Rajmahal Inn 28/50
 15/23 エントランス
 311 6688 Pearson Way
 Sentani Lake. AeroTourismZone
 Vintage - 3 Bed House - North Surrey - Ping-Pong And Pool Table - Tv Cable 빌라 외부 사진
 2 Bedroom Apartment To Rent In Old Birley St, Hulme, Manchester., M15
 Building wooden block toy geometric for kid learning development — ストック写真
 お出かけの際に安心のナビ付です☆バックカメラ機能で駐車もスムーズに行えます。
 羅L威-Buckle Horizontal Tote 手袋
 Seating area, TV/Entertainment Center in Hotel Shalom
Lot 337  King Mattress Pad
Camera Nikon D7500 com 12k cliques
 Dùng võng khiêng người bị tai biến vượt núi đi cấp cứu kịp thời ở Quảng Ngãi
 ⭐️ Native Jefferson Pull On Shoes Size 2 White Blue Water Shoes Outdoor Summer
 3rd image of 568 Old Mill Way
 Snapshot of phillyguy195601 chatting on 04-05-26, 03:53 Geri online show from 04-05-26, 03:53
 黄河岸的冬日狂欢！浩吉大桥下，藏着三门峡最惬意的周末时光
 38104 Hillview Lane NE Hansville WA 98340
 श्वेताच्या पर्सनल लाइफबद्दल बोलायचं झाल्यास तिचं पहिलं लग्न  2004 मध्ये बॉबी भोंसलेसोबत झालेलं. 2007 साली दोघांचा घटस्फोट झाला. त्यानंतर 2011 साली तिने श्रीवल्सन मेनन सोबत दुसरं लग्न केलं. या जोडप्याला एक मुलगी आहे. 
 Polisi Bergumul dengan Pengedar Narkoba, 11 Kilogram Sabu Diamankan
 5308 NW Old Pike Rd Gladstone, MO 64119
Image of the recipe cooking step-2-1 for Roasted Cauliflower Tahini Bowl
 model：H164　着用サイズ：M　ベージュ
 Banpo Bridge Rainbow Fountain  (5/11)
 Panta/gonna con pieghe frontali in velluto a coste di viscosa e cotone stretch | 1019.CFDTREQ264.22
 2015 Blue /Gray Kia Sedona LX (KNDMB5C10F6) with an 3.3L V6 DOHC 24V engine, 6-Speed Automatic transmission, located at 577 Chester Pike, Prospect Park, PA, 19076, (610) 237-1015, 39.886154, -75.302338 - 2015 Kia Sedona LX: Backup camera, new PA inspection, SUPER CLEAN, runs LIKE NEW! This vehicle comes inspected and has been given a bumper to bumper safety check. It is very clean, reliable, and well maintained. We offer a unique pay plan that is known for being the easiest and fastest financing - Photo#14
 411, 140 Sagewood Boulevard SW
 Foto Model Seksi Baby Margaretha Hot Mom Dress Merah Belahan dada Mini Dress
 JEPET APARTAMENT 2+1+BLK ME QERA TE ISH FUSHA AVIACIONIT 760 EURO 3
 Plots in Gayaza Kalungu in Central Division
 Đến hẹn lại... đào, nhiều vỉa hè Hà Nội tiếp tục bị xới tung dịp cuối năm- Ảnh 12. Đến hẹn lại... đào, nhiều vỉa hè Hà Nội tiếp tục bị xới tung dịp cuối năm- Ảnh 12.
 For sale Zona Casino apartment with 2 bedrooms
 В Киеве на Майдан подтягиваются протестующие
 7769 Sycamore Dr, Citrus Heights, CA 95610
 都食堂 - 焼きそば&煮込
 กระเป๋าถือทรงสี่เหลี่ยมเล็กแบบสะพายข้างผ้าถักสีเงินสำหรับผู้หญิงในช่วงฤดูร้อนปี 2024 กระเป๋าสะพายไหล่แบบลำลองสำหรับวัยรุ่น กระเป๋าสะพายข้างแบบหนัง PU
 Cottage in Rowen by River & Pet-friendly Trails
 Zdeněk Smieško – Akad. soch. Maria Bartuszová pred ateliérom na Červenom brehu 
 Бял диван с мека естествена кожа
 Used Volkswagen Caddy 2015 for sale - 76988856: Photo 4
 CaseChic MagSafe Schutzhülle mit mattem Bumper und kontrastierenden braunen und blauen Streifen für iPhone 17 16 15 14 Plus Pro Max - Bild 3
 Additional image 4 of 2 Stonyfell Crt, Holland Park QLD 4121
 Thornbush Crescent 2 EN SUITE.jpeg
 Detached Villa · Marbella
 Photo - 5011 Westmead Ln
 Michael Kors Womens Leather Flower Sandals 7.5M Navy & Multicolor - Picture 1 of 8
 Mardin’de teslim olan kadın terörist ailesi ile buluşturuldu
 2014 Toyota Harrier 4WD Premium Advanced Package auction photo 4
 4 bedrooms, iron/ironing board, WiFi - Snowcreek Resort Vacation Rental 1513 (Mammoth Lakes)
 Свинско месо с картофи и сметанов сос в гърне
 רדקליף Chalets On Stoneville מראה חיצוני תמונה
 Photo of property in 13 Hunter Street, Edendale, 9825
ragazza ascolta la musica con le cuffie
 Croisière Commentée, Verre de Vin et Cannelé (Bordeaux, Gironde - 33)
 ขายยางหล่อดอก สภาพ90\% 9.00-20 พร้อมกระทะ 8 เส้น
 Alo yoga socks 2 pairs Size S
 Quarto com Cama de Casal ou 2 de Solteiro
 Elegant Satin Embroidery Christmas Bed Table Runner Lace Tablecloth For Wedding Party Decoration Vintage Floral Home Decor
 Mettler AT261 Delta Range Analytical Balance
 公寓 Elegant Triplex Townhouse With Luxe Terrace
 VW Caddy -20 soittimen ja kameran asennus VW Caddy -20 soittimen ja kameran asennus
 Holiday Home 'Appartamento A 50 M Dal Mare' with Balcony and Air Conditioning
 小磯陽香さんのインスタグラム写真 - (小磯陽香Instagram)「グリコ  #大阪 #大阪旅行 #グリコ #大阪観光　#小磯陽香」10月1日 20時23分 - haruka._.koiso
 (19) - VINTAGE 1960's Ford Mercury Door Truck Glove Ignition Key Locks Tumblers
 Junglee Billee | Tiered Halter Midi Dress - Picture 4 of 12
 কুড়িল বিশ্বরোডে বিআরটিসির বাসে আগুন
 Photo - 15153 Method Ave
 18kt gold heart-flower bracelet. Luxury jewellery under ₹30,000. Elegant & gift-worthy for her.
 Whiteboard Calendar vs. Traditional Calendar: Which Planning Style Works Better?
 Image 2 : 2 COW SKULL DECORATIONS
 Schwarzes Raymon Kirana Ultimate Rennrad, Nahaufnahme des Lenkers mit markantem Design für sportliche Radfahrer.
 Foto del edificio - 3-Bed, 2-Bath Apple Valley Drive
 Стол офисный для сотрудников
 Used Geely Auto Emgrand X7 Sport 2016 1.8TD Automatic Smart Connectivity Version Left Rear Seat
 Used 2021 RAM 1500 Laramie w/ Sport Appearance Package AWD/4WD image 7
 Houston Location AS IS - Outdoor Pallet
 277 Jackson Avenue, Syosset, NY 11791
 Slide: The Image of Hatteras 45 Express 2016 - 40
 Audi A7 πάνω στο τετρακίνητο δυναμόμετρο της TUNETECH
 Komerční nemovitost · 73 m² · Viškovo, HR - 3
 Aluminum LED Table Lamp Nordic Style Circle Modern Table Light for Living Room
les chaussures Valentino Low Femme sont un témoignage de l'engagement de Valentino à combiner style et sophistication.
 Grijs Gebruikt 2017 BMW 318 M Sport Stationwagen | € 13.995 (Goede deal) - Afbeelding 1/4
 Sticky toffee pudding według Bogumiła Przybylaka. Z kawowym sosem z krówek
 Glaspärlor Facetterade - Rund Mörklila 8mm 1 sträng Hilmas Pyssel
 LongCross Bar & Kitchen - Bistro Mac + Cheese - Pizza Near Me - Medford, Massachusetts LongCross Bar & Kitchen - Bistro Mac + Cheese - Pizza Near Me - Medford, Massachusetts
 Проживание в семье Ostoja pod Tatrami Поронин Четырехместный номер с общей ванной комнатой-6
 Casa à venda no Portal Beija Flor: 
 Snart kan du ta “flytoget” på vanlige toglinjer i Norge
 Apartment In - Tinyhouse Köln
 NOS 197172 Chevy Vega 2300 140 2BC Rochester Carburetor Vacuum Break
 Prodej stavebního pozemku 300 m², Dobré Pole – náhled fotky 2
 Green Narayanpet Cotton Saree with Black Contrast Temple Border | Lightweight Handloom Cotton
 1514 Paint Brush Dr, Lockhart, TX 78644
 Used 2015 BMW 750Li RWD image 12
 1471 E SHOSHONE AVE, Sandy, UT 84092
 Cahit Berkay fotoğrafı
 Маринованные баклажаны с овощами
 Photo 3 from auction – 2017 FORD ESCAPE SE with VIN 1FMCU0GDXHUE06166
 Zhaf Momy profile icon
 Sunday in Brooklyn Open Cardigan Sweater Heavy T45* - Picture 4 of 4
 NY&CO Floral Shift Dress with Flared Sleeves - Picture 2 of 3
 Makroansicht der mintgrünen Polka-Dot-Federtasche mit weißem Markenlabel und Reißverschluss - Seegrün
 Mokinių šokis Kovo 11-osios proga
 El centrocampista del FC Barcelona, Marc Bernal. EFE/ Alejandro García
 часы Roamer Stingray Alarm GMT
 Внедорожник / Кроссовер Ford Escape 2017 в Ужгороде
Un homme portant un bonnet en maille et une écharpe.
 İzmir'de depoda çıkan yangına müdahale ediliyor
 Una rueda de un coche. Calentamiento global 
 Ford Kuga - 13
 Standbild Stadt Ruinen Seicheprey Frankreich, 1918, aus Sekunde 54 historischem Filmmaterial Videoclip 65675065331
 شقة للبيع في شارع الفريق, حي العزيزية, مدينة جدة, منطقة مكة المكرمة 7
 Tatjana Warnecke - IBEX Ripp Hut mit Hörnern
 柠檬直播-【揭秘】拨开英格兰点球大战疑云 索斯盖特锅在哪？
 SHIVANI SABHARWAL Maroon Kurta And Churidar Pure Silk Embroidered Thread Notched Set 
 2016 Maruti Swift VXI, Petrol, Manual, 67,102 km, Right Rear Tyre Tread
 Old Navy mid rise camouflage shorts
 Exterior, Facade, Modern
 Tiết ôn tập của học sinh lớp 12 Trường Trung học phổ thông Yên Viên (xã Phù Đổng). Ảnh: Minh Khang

ACTIVITY => Every line from the line containing "2 Bedroom Apartment" through the line containing "Panta/gonna con pieghe" in the records above must be retyped exactly. Leave out the rest.

WRITTEN RESPONSE =>
 2 Bedroom Apartment To Rent In Old Birley St, Hulme, Manchester., M15
 Building wooden block toy geometric for kid learning development — ストック写真
 お出かけの際に安心のナビ付です☆バックカメラ機能で駐車もスムーズに行えます。
 羅L威-Buckle Horizontal Tote 手袋
 Seating area, TV/Entertainment Center in Hotel Shalom
Lot 337  King Mattress Pad
Camera Nikon D7500 com 12k cliques
 Dùng võng khiêng người bị tai biến vượt núi đi cấp cứu kịp thời ở Quảng Ngãi
 ⭐️ Native Jefferson Pull On Shoes Size 2 White Blue Water Shoes Outdoor Summer
 3rd image of 568 Old Mill Way
 Snapshot of phillyguy195601 chatting on 04-05-26, 03:53 Geri online show from 04-05-26, 03:53
 黄河岸的冬日狂欢！浩吉大桥下，藏着三门峡最惬意的周末时光
 38104 Hillview Lane NE Hansville WA 98340
 श्वेताच्या पर्सनल लाइफबद्दल बोलायचं झाल्यास तिचं पहिलं लग्न  2004 मध्ये बॉबी भोंसलेसोबत झालेलं. 2007 साली दोघांचा घटस्फोट झाला. त्यानंतर 2011 साली तिने श्रीवल्सन मेनन सोबत दुसरं लग्न केलं. या जोडप्याला एक मुलगी आहे. 
 Polisi Bergumul dengan Pengedar Narkoba, 11 Kilogram Sabu Diamankan
 5308 NW Old Pike Rd Gladstone, MO 64119
Image of the recipe cooking step-2-1 for Roasted Cauliflower Tahini Bowl
 model：H164　着用サイズ：M　ベージュ
 Banpo Bridge Rainbow Fountain  (5/11)
 Panta/gonna con pieghe frontali in velluto a coste di viscosa e cotone stretch | 1019.CFDTREQ264.22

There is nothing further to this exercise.